Let us estimate the magnitude of the mains hum our table could pick up by electrostatic fields from the AC wires in the walls, floor, and ceiling of our laboratory. We model the table as a meter-square plate. Now suppose the wires in the wall act like another square-meter metal plate. This assumption greatly exaggerates the effective area and voltage of the wires, but we will find that even this exaggerated area and voltage is insufficient to explain our body's mains hum, so let us proceed with our exaggerated assumption.

Our body and the wires are separated by one meter. The capacitance of two plates of area one meter separated by one meter is 10 pF. The impedance of 10 pF at 60 Hz is 300 MΩ, which is much greater than the 10-MΩ source impedance of our table's mains hum. The actual area presented by the wires in the wall will be less than one hundredth of a square meter, so the actual source impedance of the mains hum induced by the electrostatic field will be tens of thousands of megaohms. This calculation suggests that it is impossible for mains hum to be caused by electrostatic fields.

We are left with only one possible source of mains hum: electromagnetic waves radiated by current-carrying wires that induce voltages in all conducting objects, including metal furniture, human bodies, and the wires of our SCTs. These waves are 60-Hz radio waves. Their wavelength is 6,000 km. A loop of wire attached to our oscilloscope probe is so much smaller than the wavelength that whatever voltage the incoming 60-Hz wave induces in one side of the loop should be canceled by an opposite voltage induced on the other side of the loop. And indeed we observe no mains hum pick-up with a loop of wire on our table-top. When we connect the tips of our SCT leads together, we make a loop antenna out of the leads, so 60-Hz waves would induce no mains hum. And indeed this is the case: connected EEG electrodes result in no mains hum on our table top. If we lay the two leads down so they are touching along their entire length, and they terminate next to one another but without touching, the 60-Hz waves should induce almost the same voltage in the two leads, so we should pick up a minimum of mains hum. And this is indeed the case: we get the least mains hum when the leads are close together and the same length. If we separate the two leads so they go off in different directions, the 60-Hz waves should induce different voltages in the leads, and we will see a maximum of mains hum. This is also the case: we see >30 mV mains hum only if the leads are separated.

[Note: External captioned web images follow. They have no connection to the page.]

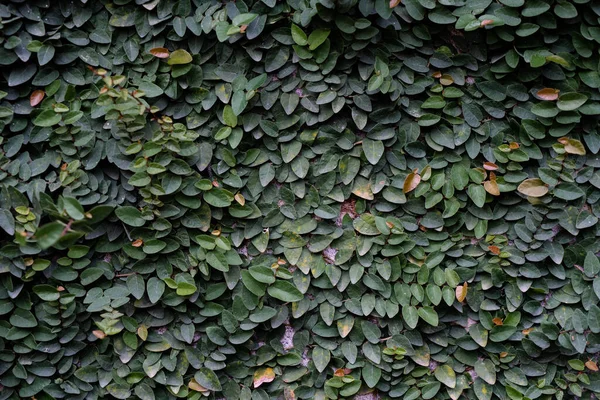 Zielone Liście Tekstury Tła — Zdjęcie stockowe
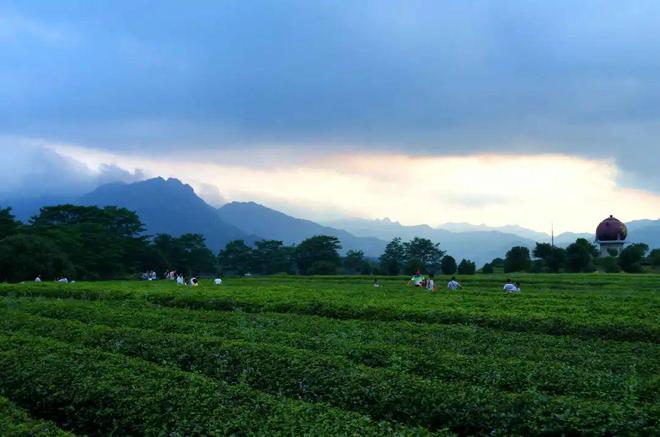 漳州诏安富硒八仙茶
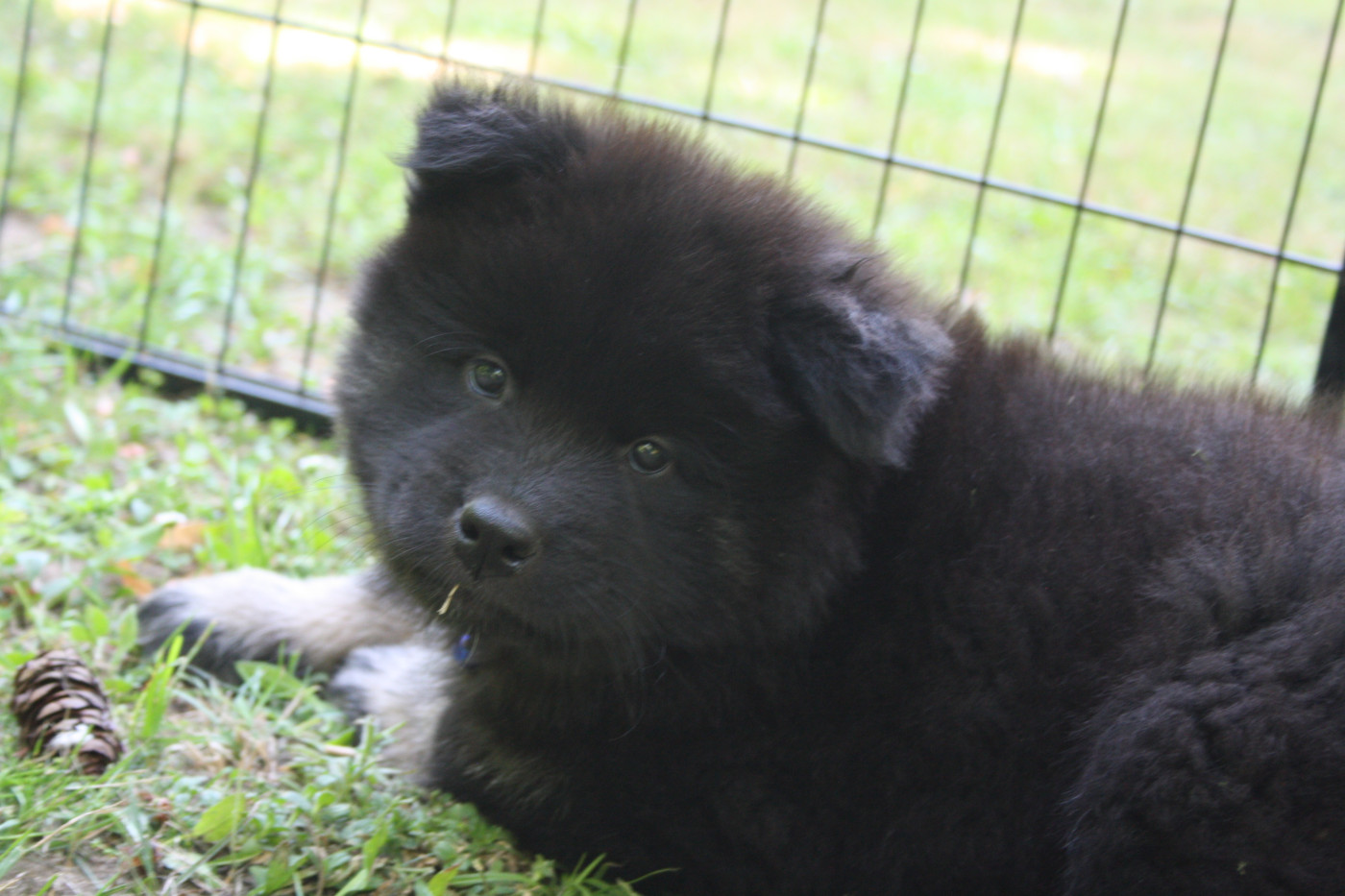 Des Oursons De La Fee - Chiots disponibles - Eurasier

Another property of 60-Hz electromagnetic waves is that they will be far-reaching, their power diminishing as the square of the distance from the current-carrying wires. And indeed: we see mains hum in the middle of our laboratory, even if we clear away all nearby electrical cords. Mains-hum radio waves permeate every building supplied with AC power, and the immediate surroundings of these buildings.

The power radiated by a current-carrying AC wire increases with current, so we expect to see mains hum amplitude fluctuating during the day as current consumptino changes within our building. This is also the case: when we record mains hum continuously with our SCTs, the power fluctuates with a combination of one-day and seven-day cycles.

Mains hum is caused by 50-Hz or 60-Hz radio-waves transmitted by power lines. We can shield our instruments from them with a faraday enclosure, or by implanting our instrument entirely within the same conducting body.